納め方としては、人形の中に名前などを記入して本殿へ納め、人形中央にある「蘇民将来之子孫也」の字が書かれた札は、厄除けの札として玄関の外側にお貼り付けます。その後、納められた人形は吉日にお祓いされ、お焚き上げされるようです。
なお、やすらい人形は御霊会に端を発する鎮疫の儀礼の一種であり、今宮神社では夏と大晦日の年二回、半年の罪穢れを人形に依らせて流す行事が行われてきたとされています。
また、「蘇民将来之子孫也」の字が書かれた札は、蘇民将来(そみんしょうらい)の説話に関わる護符であり、スサノオ(牛頭天王)と縁の深い寺社で頒布されていることが多いです。

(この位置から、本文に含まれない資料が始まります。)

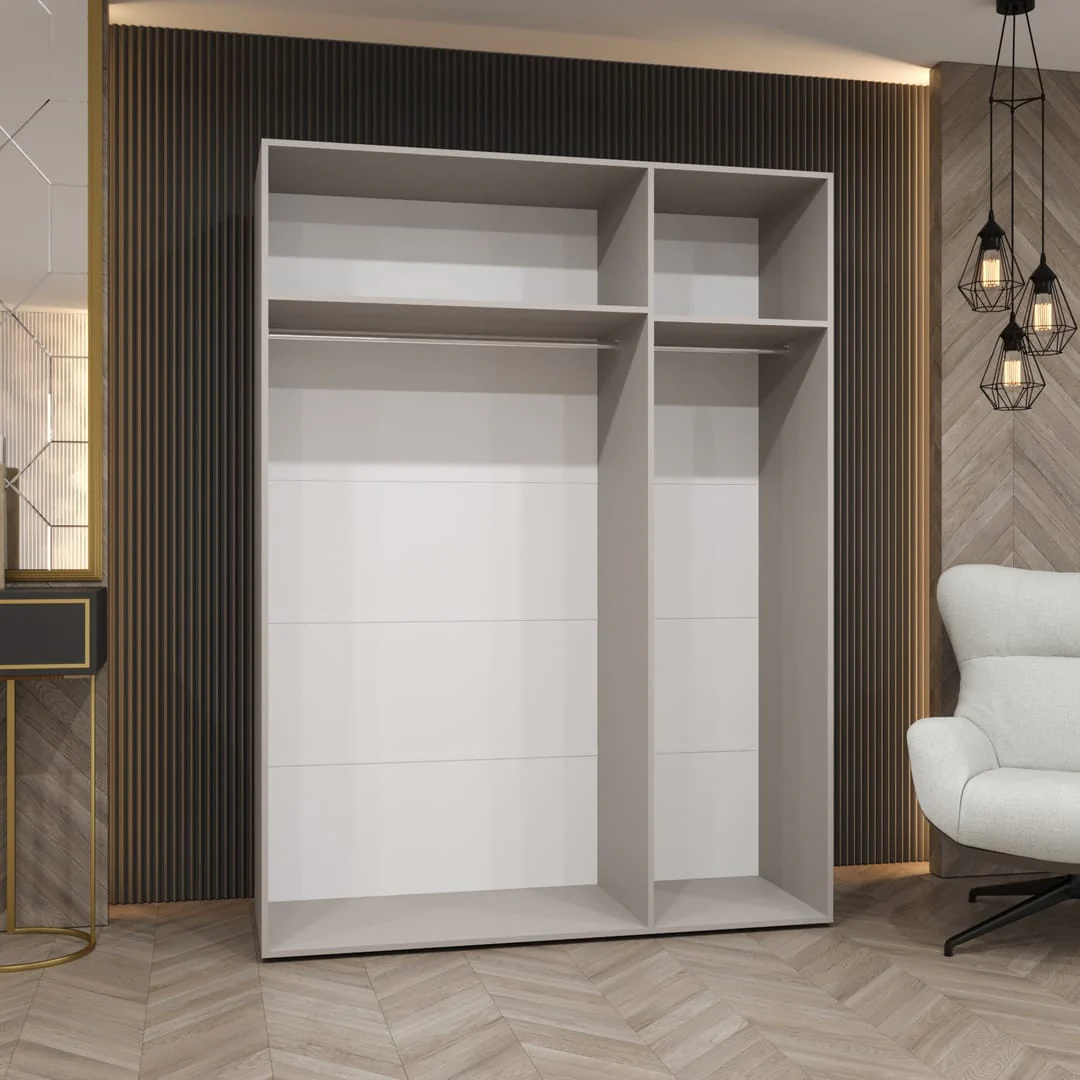 Sandi I Hinged Door Wardrobe 150cm - Image 5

なお、この護符には厄除けの御利益があるとされています。
蘇民将来の説話についてはこちらを参照:【蘇民将来とは?】
また、舞殿では鈴でのお祓いが行われているようです。
しかし、大祭とは言えど境内に屋台は少なく、今宮神社の名物「あぶり餅」の店に客足が集中していました。
「あぶり餅」についてはこちらの記事を参照:【あぶり餅】
なお、祭りの行列が境内に到着するまでは、境内は特に盛り上がるようなことは無いみたいです。
ですので、祭りの行列を追って、周辺の氏子区域に足を運んでみました。
囃子の音を追って行列に追いつくと、赤毛・黒毛の鬼たちが、鉦(かね)や太鼓をたたいて踊りながら周辺を練り歩いているのが見えます。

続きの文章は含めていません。